I really wish they had just... downsized a bit and kept going. It may have taken some time to turn a profit but they lost 7 BILLION dollars, for NOTHING. At least if they could have said it was an investment that would eventually pay off, but nope. Blame it on Beaver Canoe.
posted by Hazelsmrf at 11:32 PM on January 21, 2016 [2 favorites]


I feel some satisfaction that one of the things that brought them down was douchebag analysts turning off important systems because the truth would get them reprimands and trouble. And probably hurt their bonuses.
posted by maxwelton at 12:00 AM on January 22, 2016 [2 favorites]


We also call it Tar-zhay, because pretending it is French puts the "chic" in "cheap chic".

Our "Tar-zhay" is right across the street from "Jacques Say Pennay".
posted by madajb at 12:13 AM on January 22, 2016 [2 favorites]


Huh. I was sure Target had been operating successfully in Australia for years, but it turns out that is a totally unrelated business with a practically identical logo.
Huh, I had no idea they were unrelated, apart from a licensing deal for the name/logo.

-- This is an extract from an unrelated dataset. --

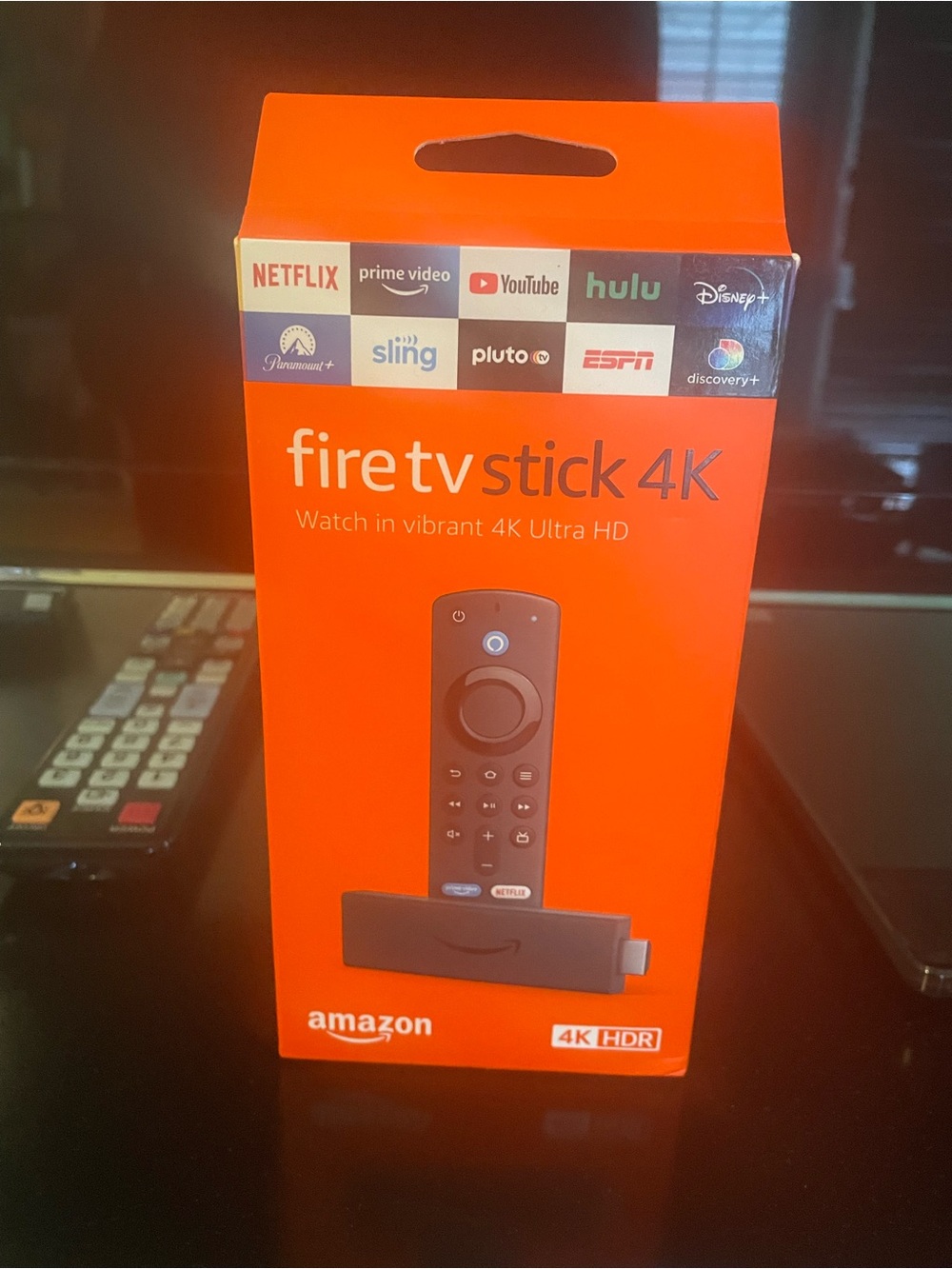 Amazon Fire TV Stick 4K – Orange Packaging with Black Remote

I guess it's easy to pick apart something like this with the benefit of hindsight, but there was no hope in hell the timeframes set were ever going to work at that scale. Even leaving SAP out of the equation (which is, as pointed out elsewhere, best known for slow implementation), even though they had dealt with one of the big issues by taking over an existing network of stores, a launch like this in a country the company has never operated in (and, of course, assumed their US management staff would be better than any locals they might hire) in two years was never ever going to work. Once they had locked themselves into that rolling schedule of new stores, they were doomed.
posted by dg at 12:34 AM on January 22, 2016


I find it really fascinating that the UPC field didn't have a sanity check. It's got a checksum built in, for crying out loud.
posted by Standard Orange at 1:02 AM on January 22, 2016 [4 favorites]


Eyebrows McGee: It just can't be beaten for errand consolidation, though, and I often only have the energy to deal with going exactly one place.

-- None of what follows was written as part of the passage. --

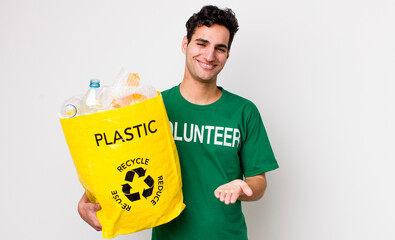 Sticker - handsome hispanic man smiling happily with friendly and  offering and showing a concept. ecology concept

That used to be my thought about Target. Until a couple years ago when I went in to get my prescription refill, as I had been doing every month for the past five years, and they had it wrong AGAIN. And I had to spend a half-hour waiting for someone to fix it. I changed my prescriptions to my health insurance's online pharmacy and they show up in my mailbox.

Then on my next visit to Target, I spent ten minutes trying to buy a birthday card because the self-checkout weighing station couldn't detect the weight of the card. I left the card and about $50 worth of groceries sitting there (there was nobody overseeing the new self-checkouts at lunch-time), walked over to customer service, explained the problem, then left, never to return.

Turns out that I'm much happier doing my errand consolidation at Amazon.com. For something I need Right Now, I'll go to the convenience store and happily pay the markup.
posted by DaveP at 2:56 AM on January 22, 2016 [1 favorite]


I don't see the replenishment analysts as 'douchebags' for turning off active status and thus inflating their in-stock replenishment. These were 1st jobs for kids right out of university. They were given a terrible buggy system, crazy forecasts and were then held accountable to demonstrate on paper the opposite of what anyone with eyes could see in a store. I think they were scared and tired, and just trying to keep their jobs.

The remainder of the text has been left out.